En effet, les chiffonniers font le tri et, en revanche, retournés les déchets qu’ils estiment avoir une valeur marchande. En ce sens, certains produits jetés à Truitier pour des raisons d’expirations, de dégradations et d’incapacités de résister, sont sélectionnés par les chiffonniers et retournés à titre de marchandises sur le terrain commercial. Le pire, c’est le cas de plusieurs conteneurs de poulets moisis, de médicaments expirés[2]. Le transport de ceux-ci est très souvent assuré par des camions des institutions publiques et privées impliquant dans le ramassage d’ordures qui, après avoir déposé des déchets, transportent pour les chiffonniers les déchets sélectionnés sur le marché.

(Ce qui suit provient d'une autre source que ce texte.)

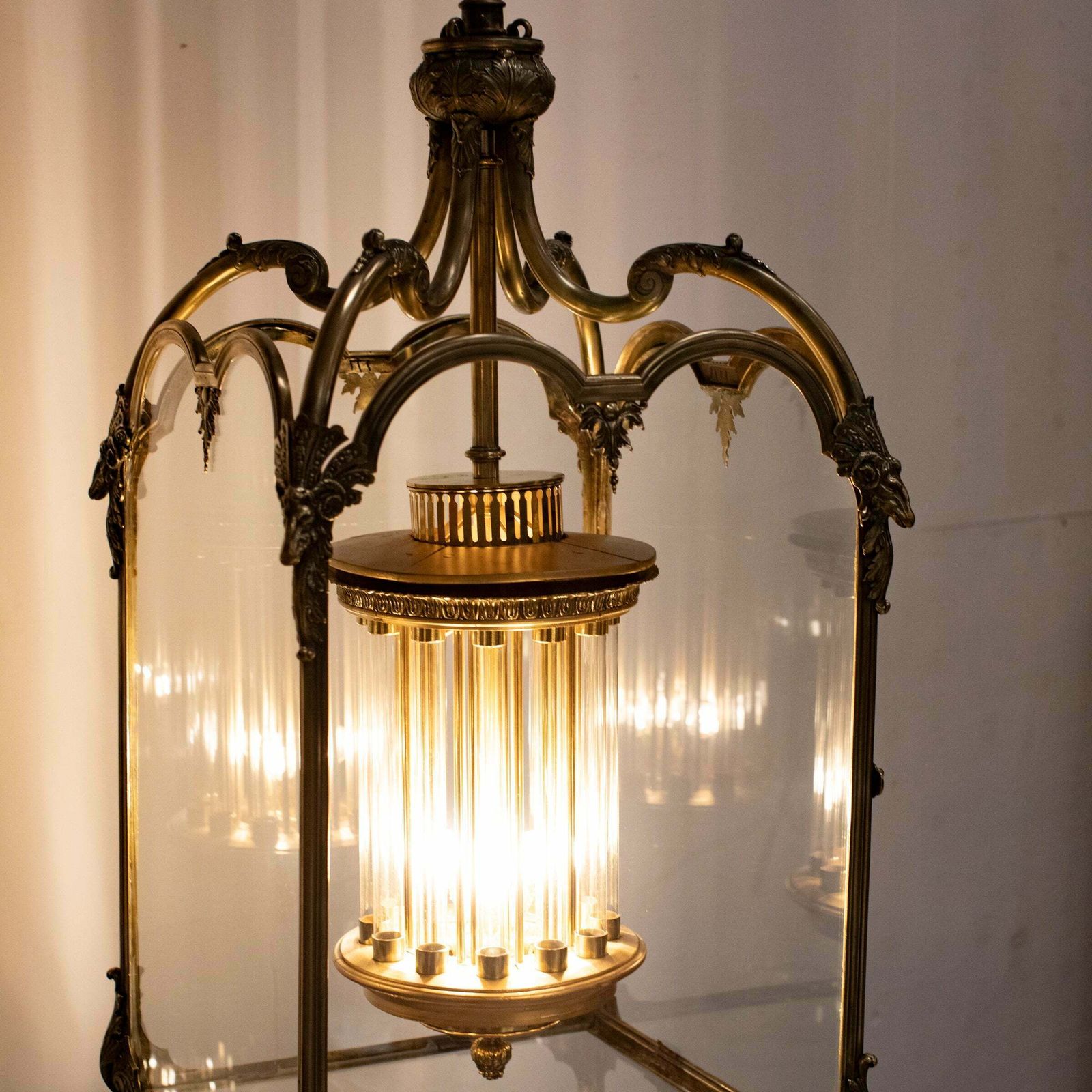 photo buy Large English 18th Century Adams Style Polished Brass Hanging Lantern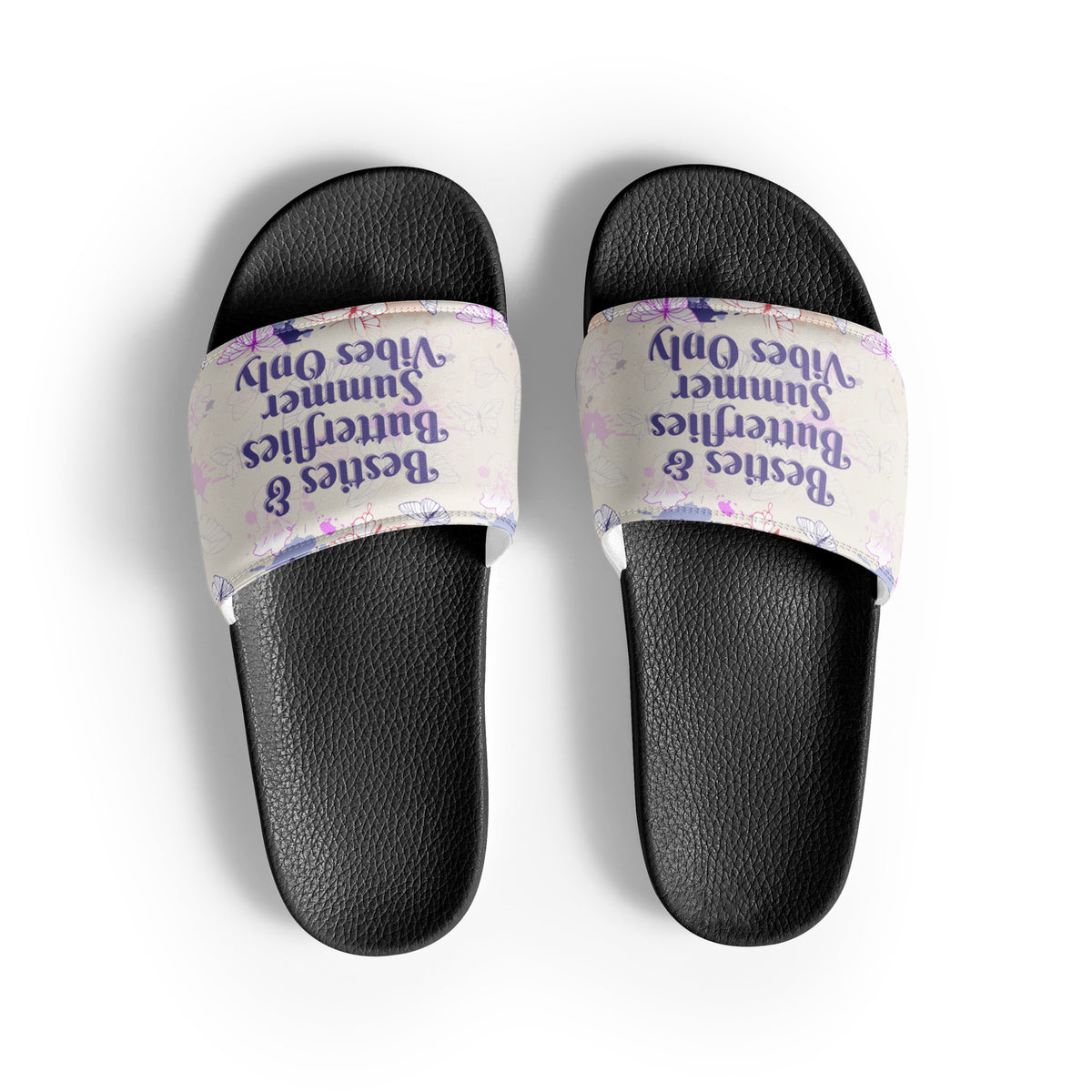 Gift for Her – “Besties & Butterflies” Women’s Slides - Black - Slides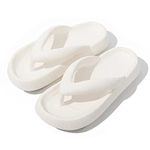 Vertvie Flip Flops Summer EVA Soft Lightweight Flip-Flops Thicken Cushioned Slippers Shower Bathroom Shoes Beach Pool Sandals(White,2-2.5)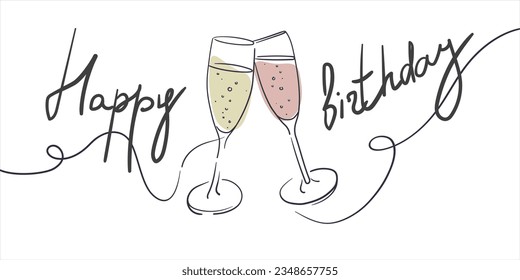 Continuous line champagne happy birthday cheers one line art, continuous drawing contour. Cheers toast festive decoration for holidays. Vector illustration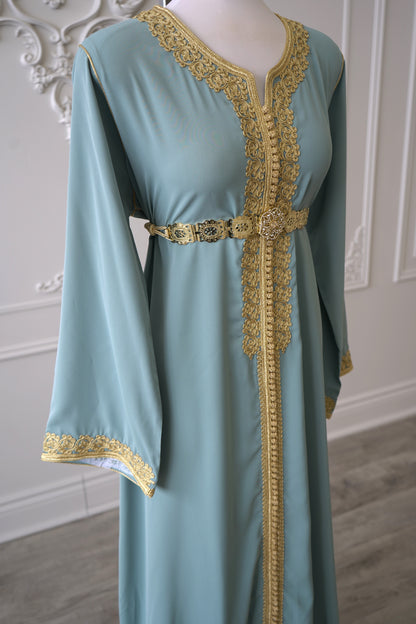 CAFTAN NAJOUA BLEU GRIS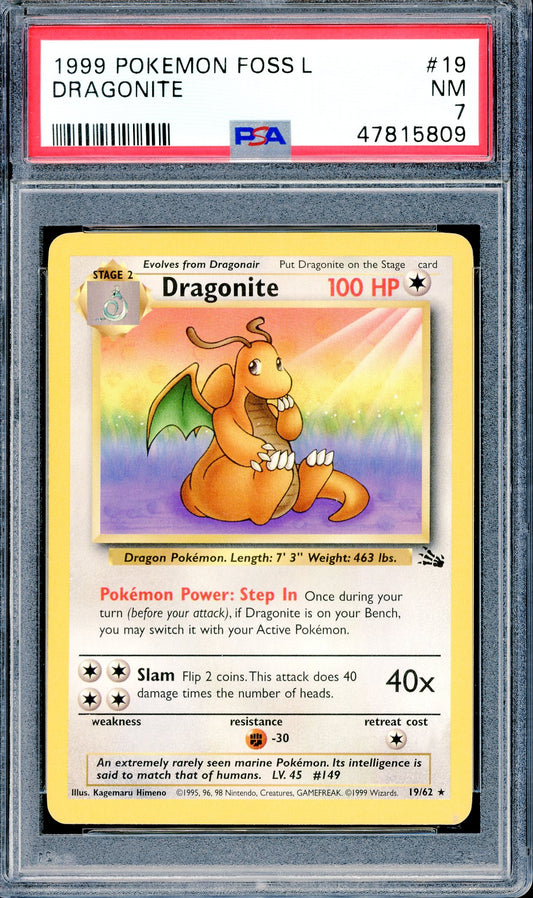 PSA 7 Dragonite (19/62) [Pokemon Fossil]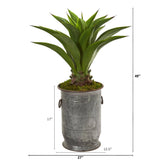 39” Agave Artificial Plant in Metal Planter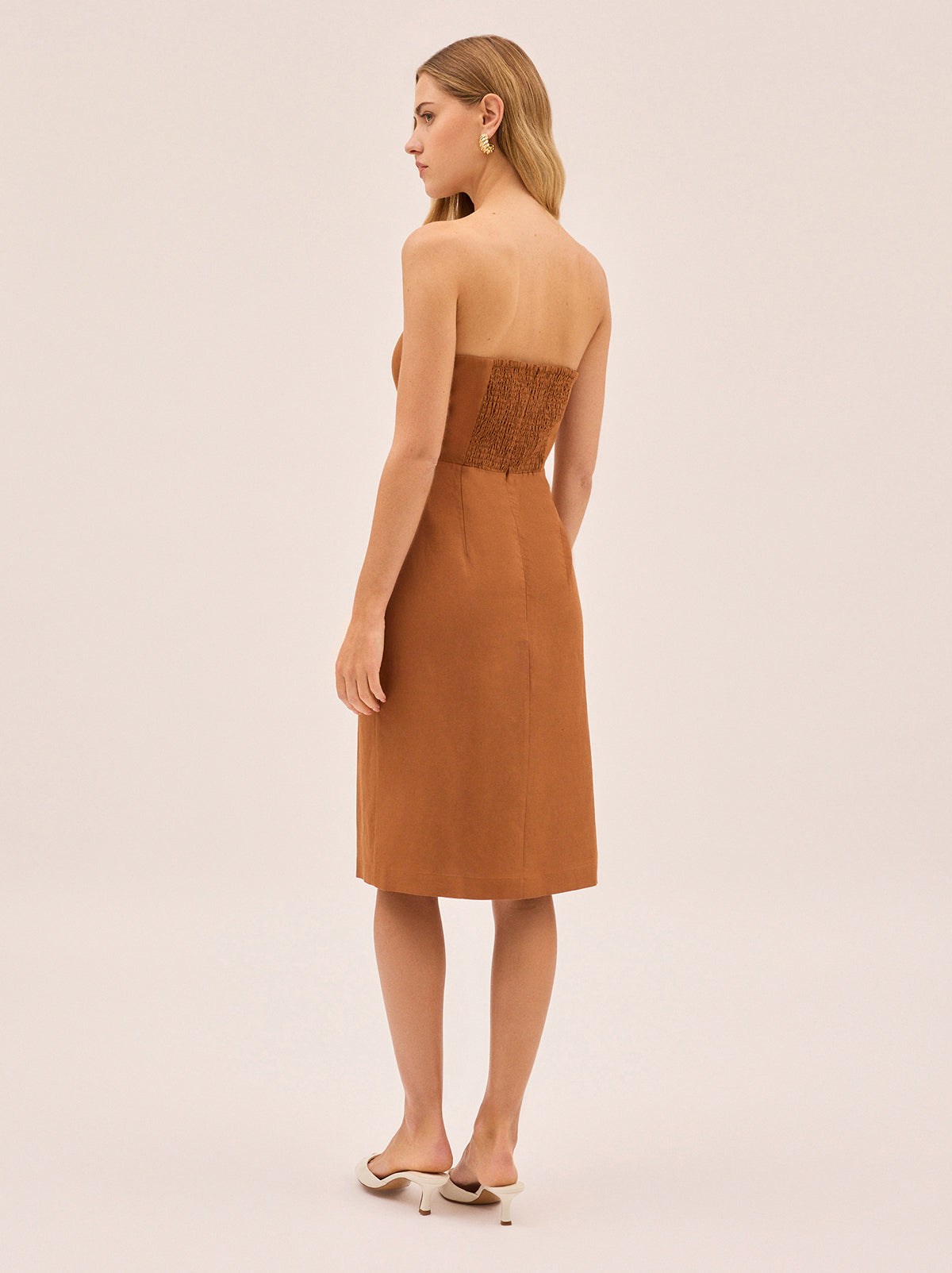 Cara Pecan Embroidered Strapless Dress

En fait, si la décharge est considérée comme toute activité résultante d’un travail sanitaire visant à protéger l’environnement et des individus de la zone métropolitaine, alors, en revanche la recharge[3] fait état de toute activité résultante d’un travail anti sanitaire qui rend plus vulnérable la vie des individus de la zone métropolitaine. Quand nous qualifions d’anti sanitaire le recharge comme activité des chiffonniers, nous ne voulons pas questionner le travail si important qu’ont réalisé ces derniers en faisant le tri dans une condition déconvenue, inhumaine, mais nous voulons montrer comment des produits jugés inutiles (inconsommables), à cause de leurs dégradations et leurs expirations, sont revendus pour être consommés. Une telle situation, dans un pays où les services sanitaires sont très critiques voir même quasiment inexistant, représente un enjeu majeur qui mérite d’être adressé avec beaucoup d’anticipation. Car la consommation des produits jugés inconsommables ne favorise autre chose qu’une aggravation féroce des conditions socio sanitaires de la population. Face à cette situation, personne n’est exempte, car au-delà de certains de ces produits qui sont vendus à des petits marchands de la masse défavorisée, d’autres sont orientés vers de grands points de vente où l’on trouve fréquentés et les gens de la classe moyenne et ceux de la bourgeoisie. Maintenant, pour éviter le pire, allons-nous cesser de manger dans la rue et d’acheter des médicaments n’importe où ? Ou bien allons-nous profiter de ce constat pour forcer les autorités concernées à réglementer la situation à Truitier ?
Claudy DÉBROSSE
Travailleur Social,
31 34 12 72
claudydebrosse@gmail.com
[1] Données collectées dans le cadre d’une entrevue réalisée avec l’un des employés de la décharge lors d’une visite à Truitier le 1er aout 2018
[2] Informations collectées dans le cadre d’une entrevue réalisée avec l’un des employés de la décharge lors d’une visite à Truitier le 1er aout 2018.
[3] Le terme recharge n’est pas pris ici dans sa dimension technique c’est-à-dire le fait d’apporter de l’énergie à une batterie, le fait de rentrer des minutes sur un téléphone, mais il est pris dans un sens lié à cette situation qui est tout à fait spéciale, c’est à dire ce terme est considéré comme le fait de retourner sur le terrain commercial des produits sélectionnés dans la décharge qui eux-mêmes préalablement étaient jugés non commercial par les fournisseurs. En résumé, le terme recharge est conçu, dans cette logique, comme l’acte d’apporter une nouvelle charge sur le terrain commercial.